花が落ちた街路樹の向こうを、車が通り過ぎていく。昨日眠たい中スチームアイロンを当てたはずの戦闘服【スーツ】の座り皺を、朝一セットしたはずの髪の毛のアホ毛を、ちょこっとボーナスで奮発して買ったビジネスバッグを、照らしながら。
(ずっと私はお姫様になりたかったのに)
背筋を伸ばさず歩く様は、お姫様よりも、彼女を彩る魔法使いだ。
帰り道は、一日の中で一番人生を想う。
仕事で疲れた頭あの先を往く高齢の品のいい女性のように自分はなれるのだろうか(なりたいのか)だとか、しょぼしょぼと歩みを進める新社会人はまるで昔の自分のようだとか、綺麗に髪を巻いて歩道につけた車にのっていった彼女は選択の違う自分だったかもしれない、だとか。
いつもそうだ。
風が吹く。
(冗談じゃない)
前髪をかきあげながら、プライベートを重視する子が先に帰っていくのを見送って。
(いいな)
旦那や子供へのスナック菓子みたいな幸せな悪口を、曖昧な笑みを浮かべながら聞いて。
(うらやましいな)
誰もがうらやむ仕事に向けてストイックに頑張る友人の、愚痴を聞きながら。
(私もああだったらいいのにな)
元カノの結婚報告の手紙に載っていた、可愛い女の子を見つめながら。
(どうしてあの子はああなのに私はこうなんだろう、あの子もこの子も)
中途半端なわたしはいつも、自分が歩めなかった綺麗な人生をいつだって羨んでいる。そしてそのうらやむ人生が上澄みにすぎないことも、知っている。人生とは深い海だ。
(人の人生ってなんでこんなに綺麗なんだろう)
でもこれだけは分かる。人の人生を見てモダモダとしているだけの私って、すごく醜い。ああ、嫌になる。
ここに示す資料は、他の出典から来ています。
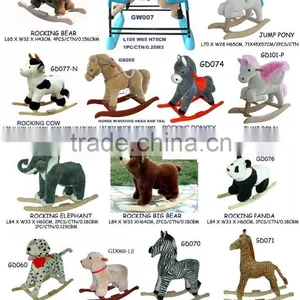 Adorable ICTI and Sedex Audit New Design Cartoon Style Plush Dinosaur Rocking Horse Stuffed With Foaming Mould thumbnail-1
自傷して、皮肉的に分かった気分になって口角をあげてあゆみを進める矮小な私を、
カツン。
一人の同い年の女の子がかろやかに足音を立てて私を追い抜いて行った。音がしなかったのにしたのはきっとそれが私が追い抜いたからだろう。
さらに追い抜いていった車がウェーブかかった栗色髪を照らして、透き通って消える。スーツもくたくた、あんまりお化粧っけもない。だけど、ローヒールだけど背筋がピンと伸びていて、なんだか私の方まで襟を正したくなるような、明日が楽しみになるような、まだたくさんの選択肢があるような軽やかさだ。
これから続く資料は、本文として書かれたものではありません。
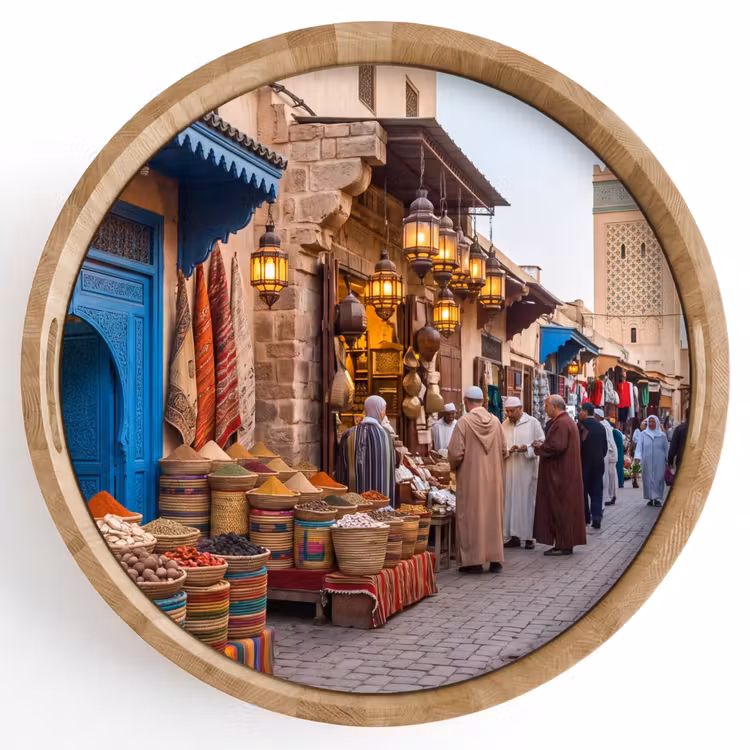 Dienblad - Markt - Oosters - Kleurrijk - Markt - Oosters - Kleurrijk Dienblad Rond middel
きっと、彼女もこんな時間に帰っているのだから、何かをせおっているだろうに。
(私も同じなのかもしれない)
そのまま過ぎ去っていく彼女を見送りながら、今さら私も背筋を伸ばして一つ息を吐くと、くしゃくしゃだった心が健やかに張った。もう彼女は遠い。だけど人をうらやむだけだった私は、いくらか、当たり前に、人の、彼女の、幸いを願っていた。
(私も背筋を伸ばして、軽やかに生きたい)
人の人生の上澄みをうらやむだけの単純な私の特性の恩恵を、今私は受けている。ああ、後三日ぐらいなら頑張れそうだ。
彼女もデートだろうか。遠くの、彼女を想う。車で恋人みたいな人と待ち合わせて、これから舞踏会にでも向かうのだろうか。
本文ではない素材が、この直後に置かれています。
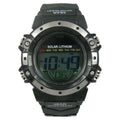 Men's Solar Digital Wristwatch with Stopwatch and Water Resistance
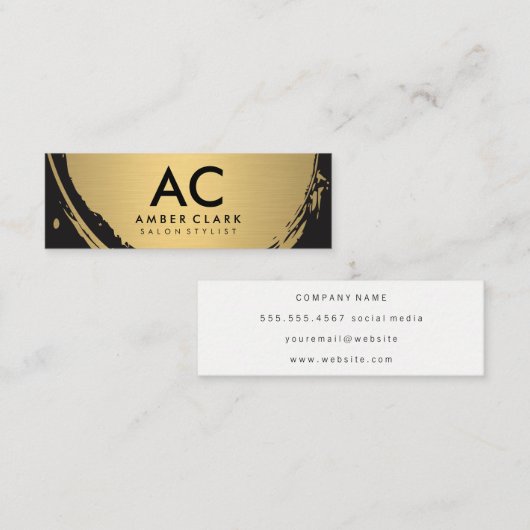 金属フェイク金ゴールドブラシ付きモノグラム スキニー名刺 (正面/裏面)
ああ、きっとそうだ。そうに違いない。今日残り少ない時間がよい時間になってほしいと思う。
お姫様と、その彼女を迎えに来る王子様に。
(事務仕事だからって、ヒールを履いてきたのは失敗だったな)
境界線の向こう、真っ暗なアスファルトに欠けた『止まれ』という文字が浮かんでいる。
彼女宛てじゃない三文字を無視すると、一歩がリズミカルな音を奏でた。